In addition to the natural cycling of carbon through the living and nonliving worlds, human activities, in particular deforestation and the burning of fossil fuels, are releasing increasing amounts of carbon dioxide into the atmosphere and undermining the natural processes for removing it. When we extract coal and oil from Earth's crust and then burn these fossil fuels to provide energy for transportation, heating, cooking, electricity, and manufacturing, we are adding carbon to the atmosphere more rapidly than it is naturally removed through sedimentation and photosynthesis. Because of this, atmospheric carbon dioxide concentrations are higher today than they have ever been over the last half-million years or more.
The carbon dioxide emitted by human activities does not all remain in the atmosphere. The oceans absorb some of it because, as the amount of carbon dioxide in the atmosphere increases, the rate at which carbon dioxide diffuses into the oceans also increases. However, when scientists have tried to account for all the sources of carbon dioxide and all the places where it is absorbed, they've discovered some mysteries. Burning fossil fuels releases roughly 5.5 billion metric tons of carbon (GtC [G = giga = billion]) per year into the atmosphere, and land-use changes such as deforestation contribute roughly 1.6 GtC per year, for a total of 7.1 GtC released per year by human activities. Measurements of atmospheric carbon dioxide levels suggest that approximately 3.2 GtC of this 7.1 GtC remains in the atmosphere and another 2 GtC diffuses into the oceans. This leaves 1.9 GtC unaccounted for.

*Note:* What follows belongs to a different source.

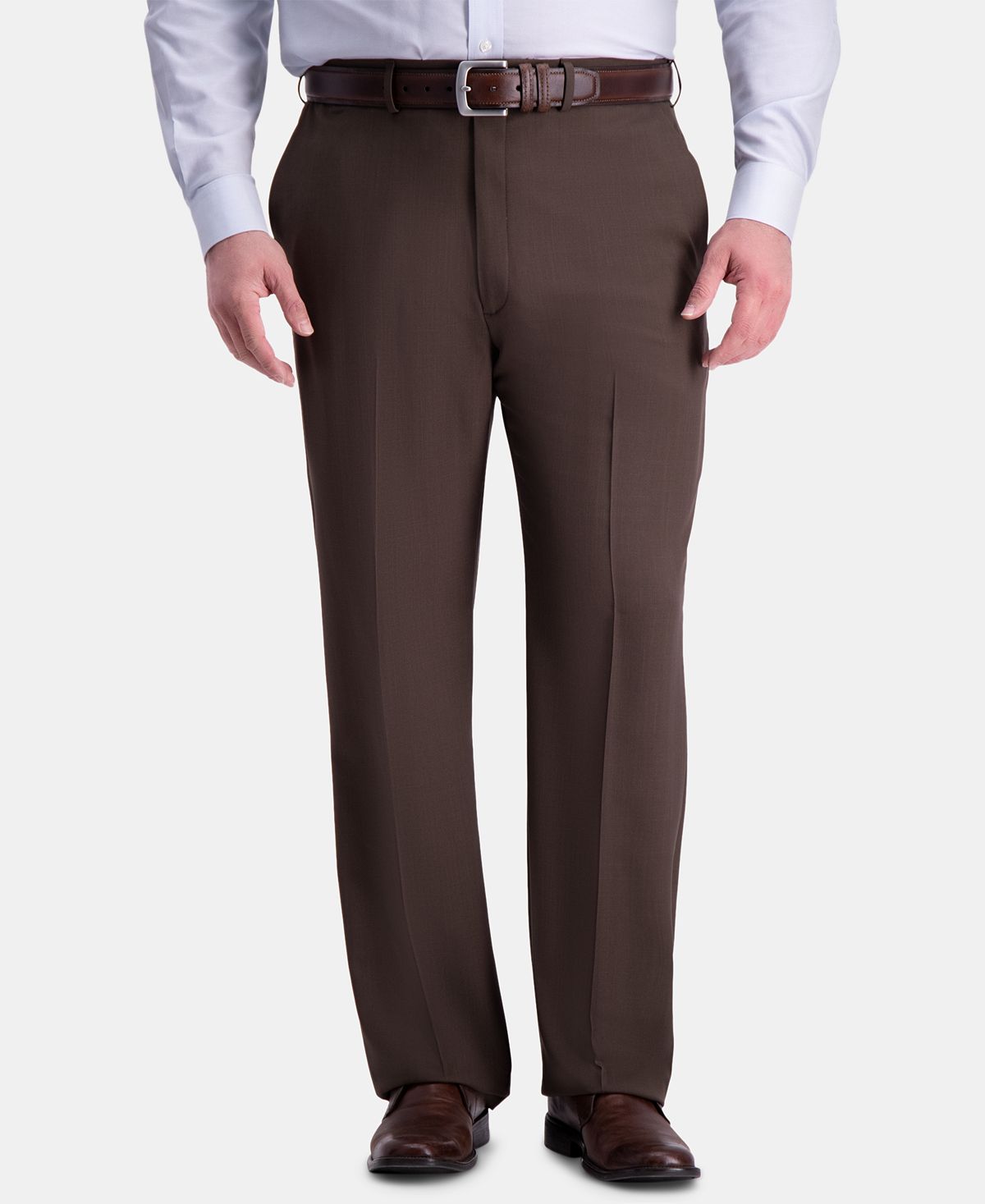 Haggar Big & Tall Premium Comfort Stretch Classic-fit Solid Flat Front Dress Pants Dark Chocolate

What's happening to the extra 1.9 GtC? Scientists do not know for sure, but evidence suggests that it is being absorbed by the land surface. In addition, scientists do not agree on which environmental processes are responsible for the missing carbon or where the carbon is going. A variety of different scenarios could cause the land to take up more carbon dioxide each year than it releases. For example, re-growth of forests since the massive deforestation in the Northern Hemisphere over the last century could account for some of the missing carbon, and the changing climate could also contribute to greater uptake than release. Regardless, if we can better understand the many processes that control carbon dioxide emission and uptake, we will also be better able to predict their behavior in the future.